RC-FTPD – serwer FTP przeznaczony dla systemu AmigaOS 3.x.

A-FTP Server
Ten program, to mój zdecydowany faworyt, aczkolwiek z tym zastrzeżeniem, że pogodzimy się z brakiem FTPs. Poza tym program spełnia swoje zadanie bez zarzutu, jest przyjazny w obsłudze i cały czas rozwijany. W chwili, gdy piszę ten tekst, ostatnia wersja oznaczona numerem 1.9 datowana jest na styczeń 2021 roku i oczywiście możemy ją pobrać z OS4Depot całkowicie za darmo. Zwyczajowo stawiając serwer w sieci lokalnej jedyną informacją, jaką powinniśmy znać jest adres IP naszej maszyny. Oczywiście sprawdzenie tego jest rzeczą banalną, wystarczy wpisać z CLI komendę ShowNetStatus, by taką informację uzyskać. A-FTP Server jest jednak programem na tyle przyjaznym w obsłudze, że nie musimy robić nawet tego, wystarczy, że w tooltypach ikony programu aktywujemy opcję LOCAL_IP=TRUE, a program sam wykryje wymagany adres, natychmiastowo uruchamiając nasz serwer. Wszystko, co pozostaje użytkownikowi do roboty to nadanie loginów i haseł dostępu dla klientów oraz wydzielenie katalogu czy partycji, która posłuży jako zasób danych dla naszego serwera.

Sprawdzamy adres IP pod systemem AmigaOS 4.1.

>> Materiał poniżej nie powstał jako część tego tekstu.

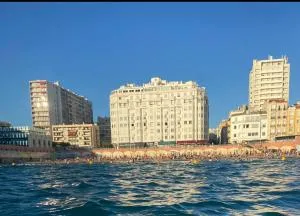 Les catalans, vue mer - Marseille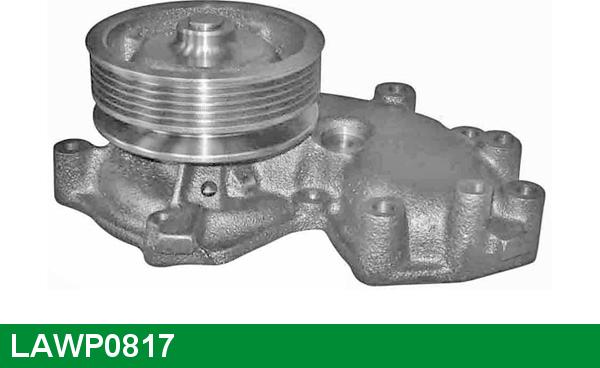 LUCAS LAWP0817 - Водяной насос autospares.lv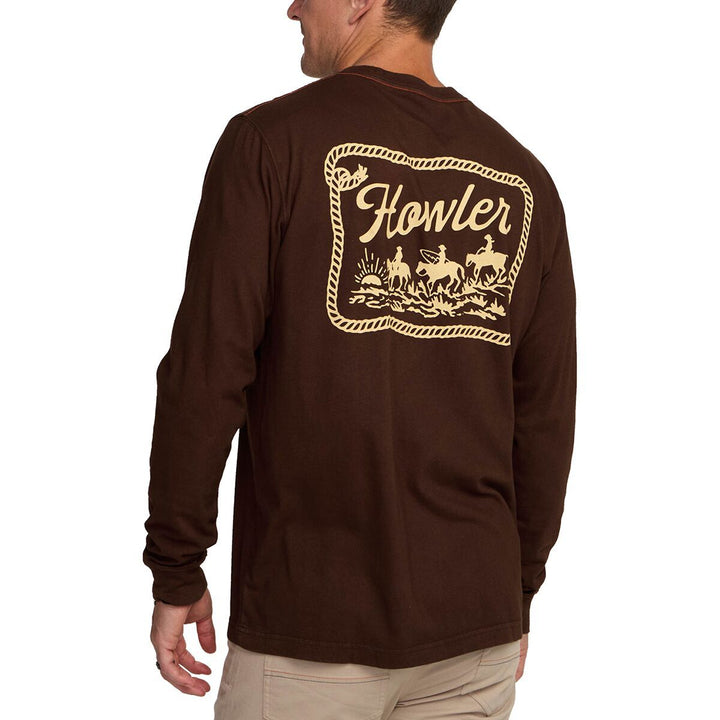 Men's Howler Posse Long Sleeve T-Shirt - Quest Outdoors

A-FTP server hołduje filozofii, jaką sam preferuję, czyli występuje w formie osobnego narzędzia wraz z własnym przejrzystym graficznym interfejsem użytkownika. Co, jednak jeśli ktoś woli rozwiązania niewidoczne, działające w tle niczym FTP deamon? Nie ma problemu, opisywana aplikacja w każdym momencie pozwala na ukrycie GUI, jest też wyposażona w alternatywną ikonę Starthidden, której działania chyba nie muszę tłumaczyć, a którą to możemy podpiąć pod WBStartup, uzyskując po każdym bootowaniu Amigi, automatycznie uruchomiony serwer FTP działający w tle. W takim wypadku będąc administratorami dalej mamy szybki dostęp do podstawowych informacji pozwalających na monitorowanie naszego serwera. Opcjonalnie możemy włączyć ikonę w docku, która informuje nas o tym, czy serwer na pewno pracuje, czy może jednak jest wyłączony. Niestety po ostatniej aktualizacji systemu, nie działa to u mnie do końca dobrze i czytelnie. Niezależnie od tego w momencie wykrycia ruchu na naszym serwerze dostajemy monity w formie dymków notyfikacji, co już działa całkowicie ok. Na koniec dodam, że aplikacja powstała w programie Hollywood, fantastycznego narzędzia, przy pomocy którego, wprawny programista może stworzyć naprawdę mocne i użyteczne utilki, o czym przekonacie się jeszcze w dalszej części tego tekstu.

A-FTP Server w akcji.

Stawianie serwera FTP na Amidze jest czynnością spotykaną dosyć rzadko. Jak już wspomniałem wcześniej, w sieci lokalnej można skorzystać z serwera ustawionego bezpośrednio w samym routerze bądź na dowolnym pececie czy innym urządzeniu o zbliżonych możliwościach. W takim wypadku jedynym narzędziem, którego będziemy potrzebować do wymiany danych jest klient FTP. Tego typu program przyda się również do wymiany plików w internecie. Choć jak wspomniałem, ruch na najpopularniejszych amigowych serwisach z plikami odbywa się dziś przede wszystkim za pomocą WWW, to nadal zostawione są furtki FTP. Jeśli chcemy wrzucić nową paczkę na OS4Depot wystarczy skorzystać z adresu os4depot.net, wpisując jako login ftp, hasło zostawiając puste. Jeszcze lepiej jest w przypadku Aminetu, który cały czas pozwala na dwustronny ruch via FTP. Możemy się o tym przekonać wchodząc na główny serwer main.aminet.net (208.113.237.142) bądź jeden z dostępnych mirrorów, których adresy znajdziemy tutaj.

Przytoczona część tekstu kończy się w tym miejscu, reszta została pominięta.